▶ Source data

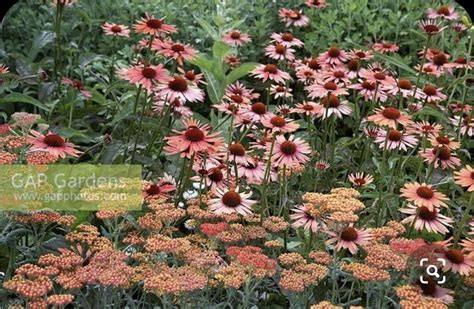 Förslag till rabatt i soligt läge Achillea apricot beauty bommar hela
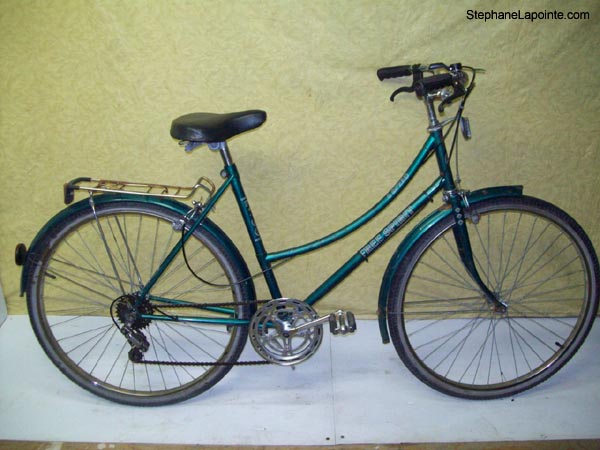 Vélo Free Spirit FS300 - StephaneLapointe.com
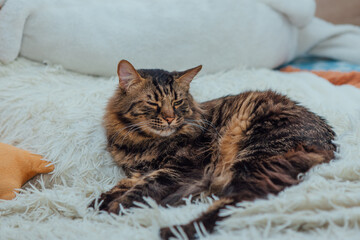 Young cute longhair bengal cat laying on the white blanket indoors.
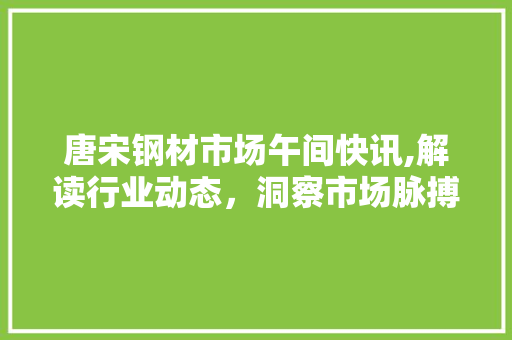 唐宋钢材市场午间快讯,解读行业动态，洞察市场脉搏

▶ What this task involves
Please print the material exactly as given above, omitting the pictures.

▶ Exercise result
 Förslag till rabatt i soligt läge Achillea apricot beauty bommar hela
 Vélo Free Spirit FS300 - StephaneLapointe.com
 Young cute longhair bengal cat laying on the white blanket indoors.
 唐宋钢材市场午间快讯,解读行业动态，洞察市场脉搏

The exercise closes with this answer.